Disons d’ailleurs que, sur l’instant et après cette première passe d’armes, Maurepas se garda bien de trop décourager le directeur de l’idée qu’il avait conçue. Augeard, toujours bien renseigné sur les intentions du Mentor, nous dévoile ainsi son calcul : « En vieux routier de Cour, dit-il, il lui laissa enfiler cette route, » se réservant, si Necker insistait et donnait le choix à Louis XVI « entre sa démission et son admission au Conseil, » d’invoquer « les lois du royaume qui interdisaient cet honneur à un étranger et à un protestant. » Ainsi serait-il délivré d’un encombrant collègue « sans s’être donné l’air de l’avoir renvoyé[3]. »

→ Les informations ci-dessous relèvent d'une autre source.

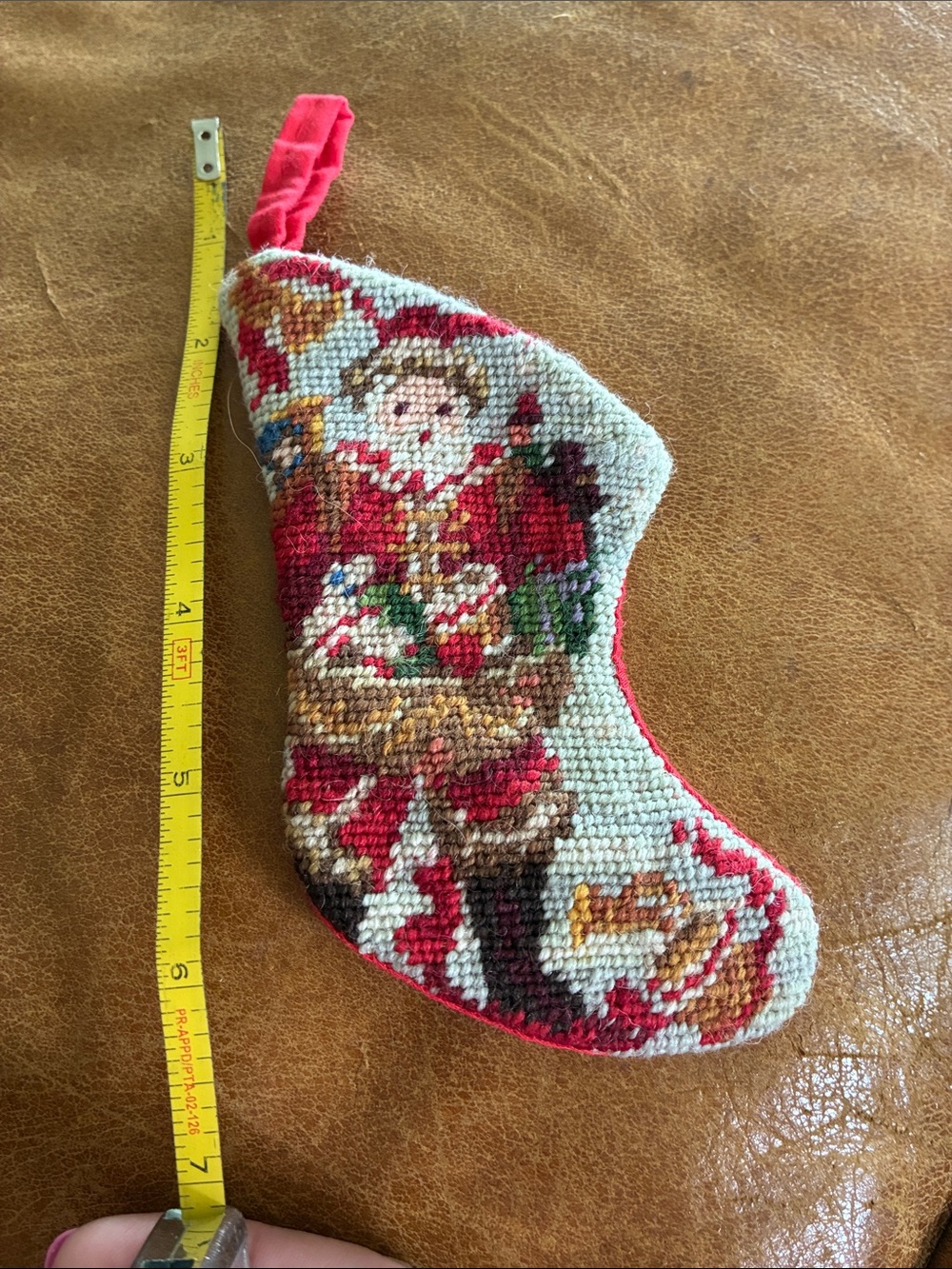 Pair of Small needle point stockings - Picture 4 of 4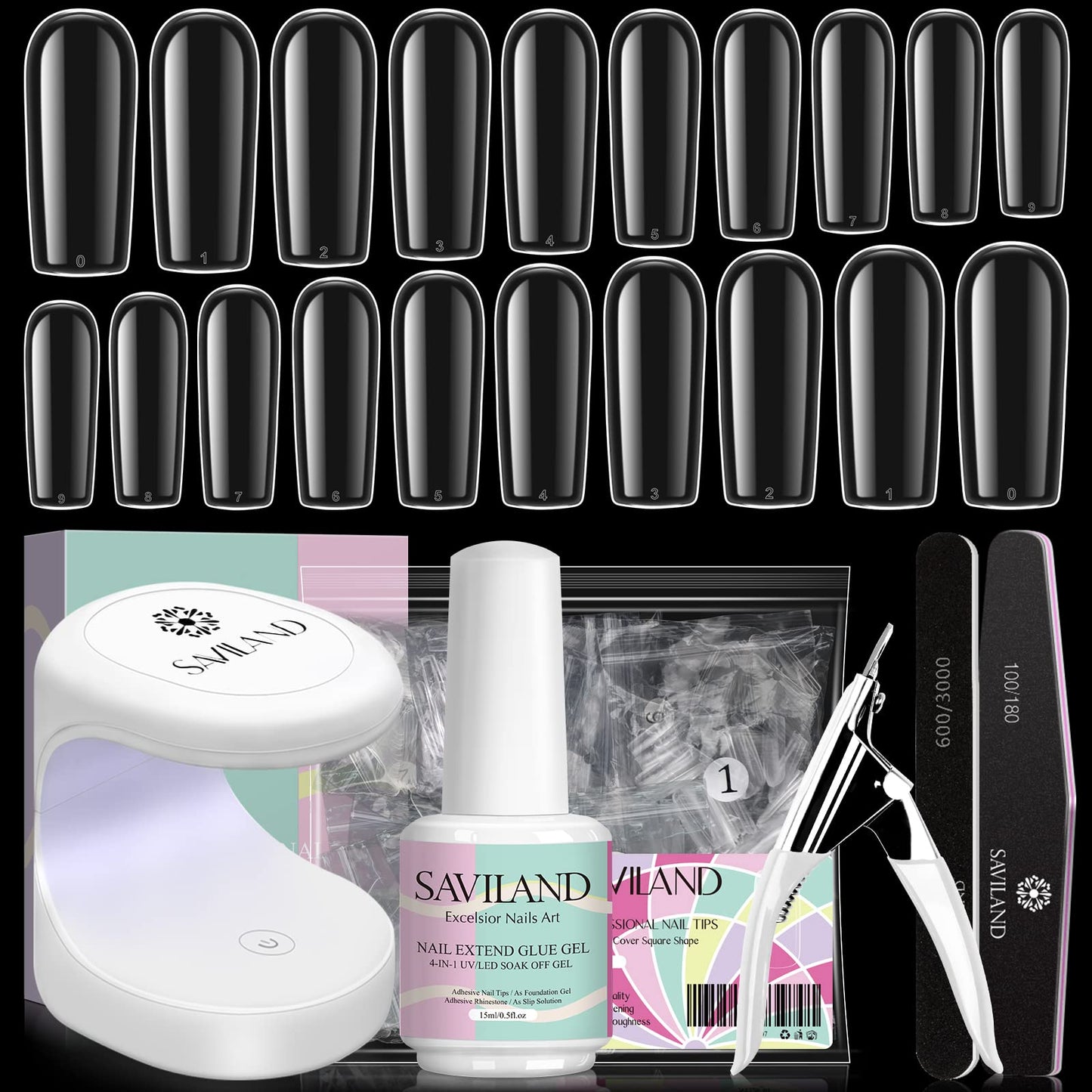 Saviland Nail Tips and Glue Gel Kit - Gel x Nail Kit 500 Pcs Square Nail Tips Full Cover with 4 in 1 Nail Gel Glue and Portable Mini U V LED Nail Lamp Easy DIY Nail Extension Set Acrylic Nail Kit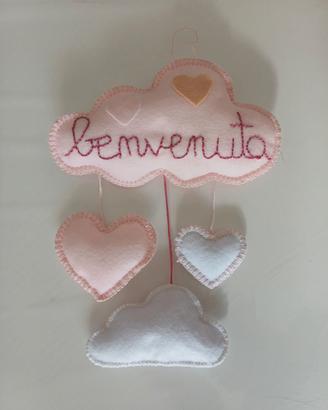 Fiocco rosa nascita benvenuta bambina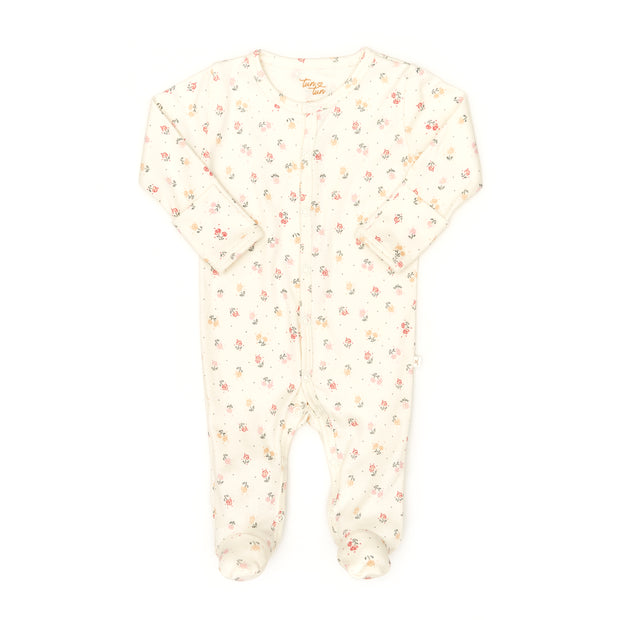 Enterizo Broches Perla Flores de algodón pima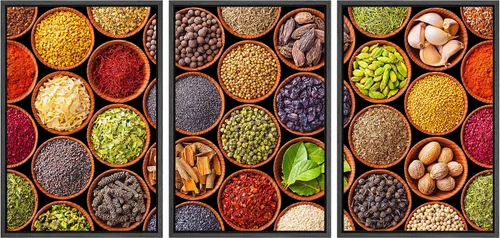 Miniatura 116 de wall26 Lienzo enmarcado para pared, juego de arte de hierbas, verduras y condimentos en madera, alimentos, fotografía cultural, realismo, paisaje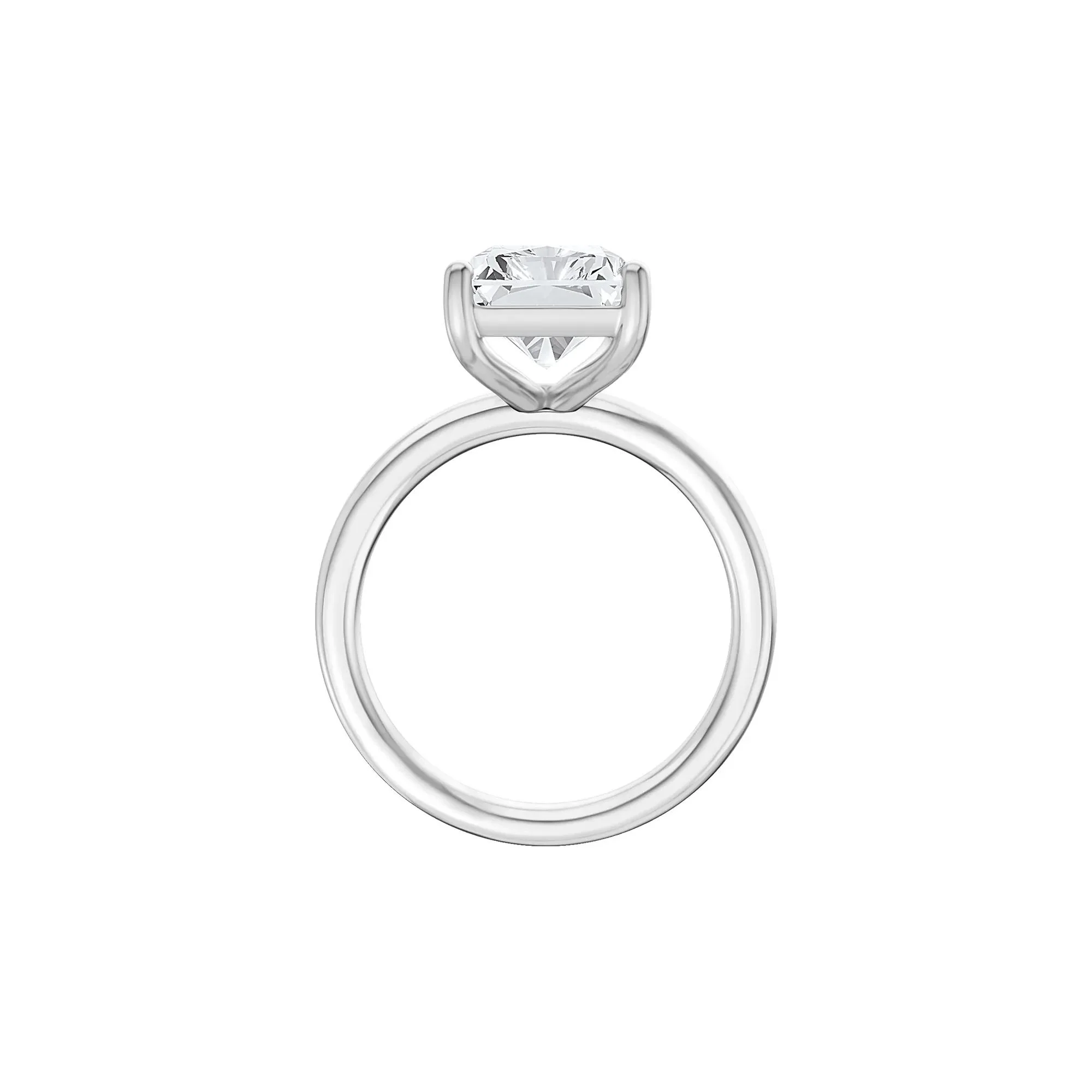 Lab Grown Diamond Radiant-Cut Solitaire Ring Platinum (5 CT.) White Size 5.5 2mm - Image 2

Au sortir de cet entretien, Necker se rendit chez le comte de Mercy-Argenteau, le mit au fait de ses perplexités, renouvela ses affirmations sur sa volonté arrêtée de prendre sa retraite s’il n’obtenait les satisfactions désirées. L’heure présente, ajouta-t-il, semblait « convenable pour se retirer, » parce que les fonds nécessaires pour continuer la guerre étaient assurés pour un an et qu’ainsi « le nouveau ministre aurait tout le temps suffisant pour se procurer des ressources en vue des besoins à venir. » Mercy lui prêcha la patience, le dissuada de rien précipiter et lui conseilla finalement d’aller trouver la Reine. Le conseil fut suivi. Marie-Antoinette, dit Mercy, lui tint le même langage que

  1. Journal de Véri, — Mémoires de Marmontel. — Véri et Marmontel rapportent tous deux ce dialogue presque dans les mêmes termes, le premier d’après Maurepas, le second d’après Necker.
  2. Mémoires de Soulavie, tome IV.
  3. Mémoires d’Augeard.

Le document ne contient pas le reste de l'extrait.